1005253 - 4.14% tart win7 regression on april 30 from rev e4be5203a3c9

Reporter

Description

•

11 years ago

I found this in a talos alert, we have a noticable tart regression that seems to be specific to windows 7. Here is a graph: http://graphs.mozilla.org/graph.html#tests=[[293,131,25]]&sel=none&displayrange=7&datatype=running I did some retriggers and this is really the deal: https://tbpl.mozilla.org/?tree=Mozilla-Inbound&fromchange=2cecc0699b45&tochange=44e189f0fd67&jobname=Windows%207%2032-bit%20mozilla-inbound%20talos%20svgr Tart is documented here: https://wiki.mozilla.org/Buildbot/Talos/Tests#TART It is pretty easy to push to try any fixes and see if your fix for this works. As always, if you need help or more information, please ask in the bug.

Andrew McCreight [:mccr8]

Assignee

Comment 1

•

11 years ago

That's pretty odd, especially that it is on a single platform. I'm surprised the cycle collector runs at all during this test. I guess I'll have to run it locally and see what it is even doing. I mean, in theory we could just suppress CC during tab animation, but hopefully we can avoid that.
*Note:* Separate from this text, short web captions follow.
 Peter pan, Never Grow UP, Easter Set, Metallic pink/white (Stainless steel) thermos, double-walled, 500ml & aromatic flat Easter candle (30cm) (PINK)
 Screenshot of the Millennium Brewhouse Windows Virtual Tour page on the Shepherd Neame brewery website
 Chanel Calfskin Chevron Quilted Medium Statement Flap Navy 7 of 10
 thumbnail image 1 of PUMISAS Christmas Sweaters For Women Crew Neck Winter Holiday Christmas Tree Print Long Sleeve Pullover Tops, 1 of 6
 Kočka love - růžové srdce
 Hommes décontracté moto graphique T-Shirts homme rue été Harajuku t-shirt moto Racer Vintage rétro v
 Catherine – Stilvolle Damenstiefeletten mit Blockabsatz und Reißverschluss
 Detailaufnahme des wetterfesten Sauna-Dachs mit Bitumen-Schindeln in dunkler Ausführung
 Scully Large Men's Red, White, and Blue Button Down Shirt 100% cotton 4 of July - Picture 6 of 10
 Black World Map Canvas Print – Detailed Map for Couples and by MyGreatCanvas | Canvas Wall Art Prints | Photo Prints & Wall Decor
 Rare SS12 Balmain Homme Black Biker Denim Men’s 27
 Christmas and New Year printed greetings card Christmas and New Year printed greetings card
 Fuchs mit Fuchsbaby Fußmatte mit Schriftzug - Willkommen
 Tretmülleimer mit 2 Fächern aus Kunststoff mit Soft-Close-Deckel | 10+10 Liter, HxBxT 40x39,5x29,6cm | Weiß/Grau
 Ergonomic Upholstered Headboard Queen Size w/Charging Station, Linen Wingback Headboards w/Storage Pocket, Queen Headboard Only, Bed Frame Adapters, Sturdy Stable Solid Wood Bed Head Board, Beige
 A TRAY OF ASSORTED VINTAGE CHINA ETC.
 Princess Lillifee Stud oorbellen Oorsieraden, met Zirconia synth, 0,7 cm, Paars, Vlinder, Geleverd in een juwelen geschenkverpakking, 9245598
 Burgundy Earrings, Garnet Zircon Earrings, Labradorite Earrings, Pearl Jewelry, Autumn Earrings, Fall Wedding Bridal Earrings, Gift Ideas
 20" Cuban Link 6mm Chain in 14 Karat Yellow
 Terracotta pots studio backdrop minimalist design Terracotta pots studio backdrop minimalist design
Joel Maher ( :jmaher ) (UTC -8)

Reporter

Comment 2

•

11 years ago

In the tart test we do a garbage collect between *tests*, so there is a chance that this is called for this test. you can get talos locally here: https://wiki.mozilla.org/Buildbot/Talos/Running#Running_locally_-_Source_Code or you can make tart a .xpi and use it as an addon.

Andrew McCreight [:mccr8]

Assignee

Comment 3

•

11 years ago

Where in the source code does that garbage collection happen?

Andrew McCreight [:mccr8]

Assignee

Comment 4

•

11 years ago

My theory is that the test harness is forcing a GC, but not a CC. Without ICC, this will trigger a CC 5 seconds after the GC, but if we're done with the test in that time, there will be no CC during the test. With ICC, we start doing CC work sooner, after a second or two, so it may start to overlap with the test run. The solution would be to force a synchronous CC after the GC, which will reset the timer, so we will do a GC in 5 seconds, thus hopefully keeping collector activity from interfering with the test.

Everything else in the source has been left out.